What if you could get direct deposit to your local post office? It's not so crazy and has huge benefits.

Instead of guaranteeing deposits in an institution the government has no control over and then regulating that institution as a way of saying "please don't make me cover all your crap!" Let's just have a national bank modeled on Credit Unions. We expand the Post Office to act as branches for the federal bank, but leave the banking to a revised FED. One that the depositors own, not the banks. There are many benefits to this model and few, if any, problems.

Deposits would give much more direct monetary control to the FED. If consumers are driving inflation, increase the interest paid to savings accounts. In a slump, lower the rate. The same can be done with loans. The FED can then create a balanced portfolio of mortgages, treasuries, business loans, and other assets as the needs of the economy require. Since no group of executives or investors will excessively profit from this, it will be as stable as the credit unions were through this crises.

During times of real economic collapse, these banks can be the means of direct consumer injection of stimulus. This provides for interesting opportunities. If all accounts are limited to $250k, then all account holders could be treated the same. While Warren Buffet may have an account and get some stimulus money he doesn't need, so will a person who pays no taxes because they are too poor. And there are far more of the former than the later.

Finally, imagine how much easier it becomes to distribute social security, unemployment, tax returns. The accounts can be limited to one per US citizen and thus be a great help to enforce immigration law.

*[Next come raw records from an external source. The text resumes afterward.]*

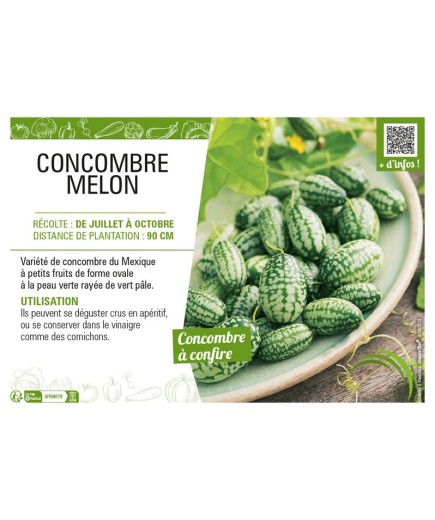 CONCOMBRE MELON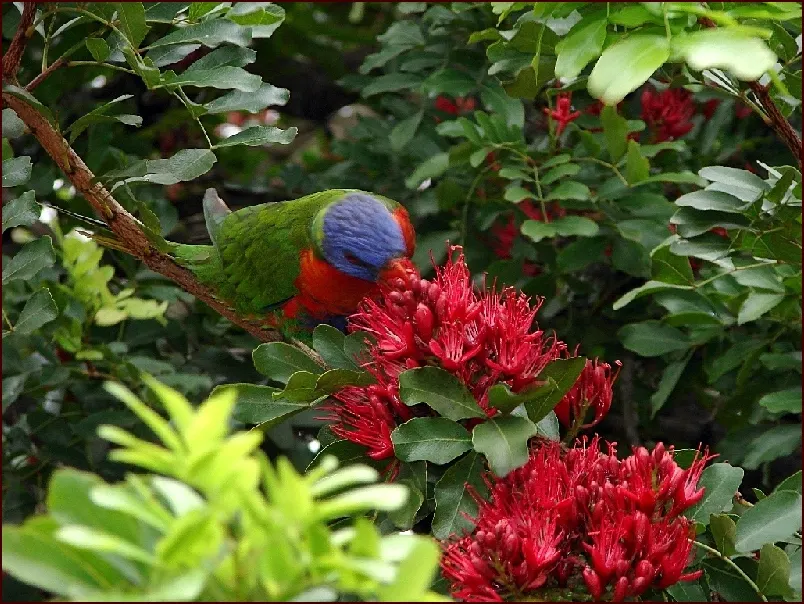 Tree Fuchsia (Fuchsia Arborescens) — Regarding its optimal climate conditions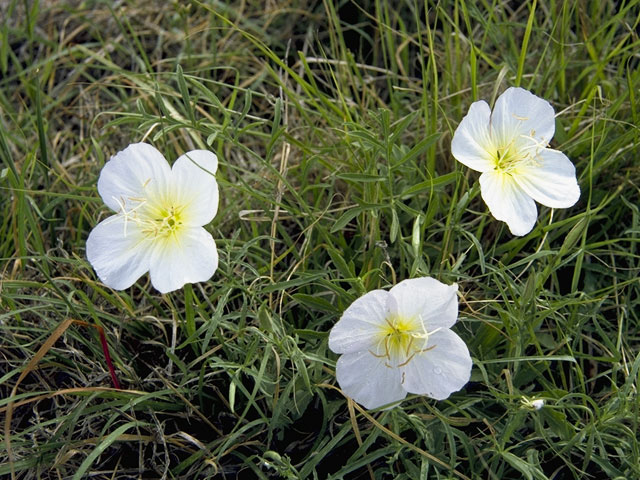 Oenothera pallida (Pale evening-primrose) #6807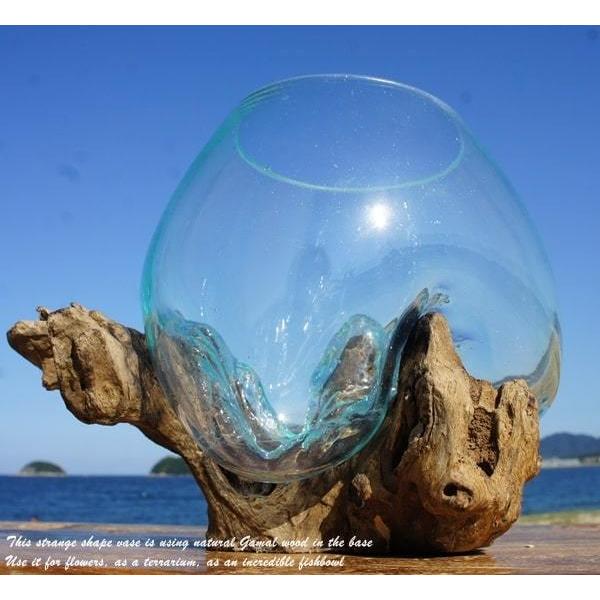 吹きガラスと天然木のオブジェ S20 金魚鉢 メダカ水槽 花瓶 流木ガラス 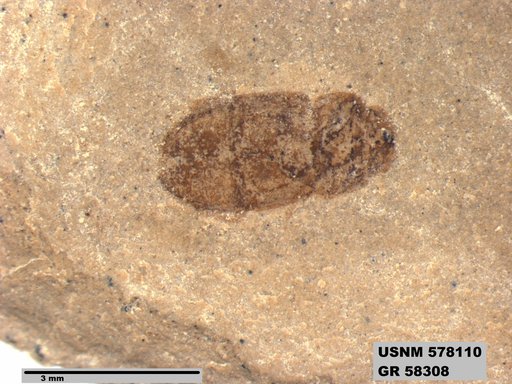 Insecta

The large banks would still function much as they do now. It is a fallacy that banks lend depositors money so others can buy a house. They create the debt out of thin air. If the bank is leveraged at 10:1, and require 10% down, it simply invents the other 90%. The down payment now becomes the banks reserve rather than depositors accounts.

We will never get such a system, but the idea does encourage new ways to think about things that we think we know. Maybe the biggest question this asks is who owns our economy? Is it the banks, or the government? Shouldn't means and responsibility reside with one group rather than risk goes to one while reward goes to the other?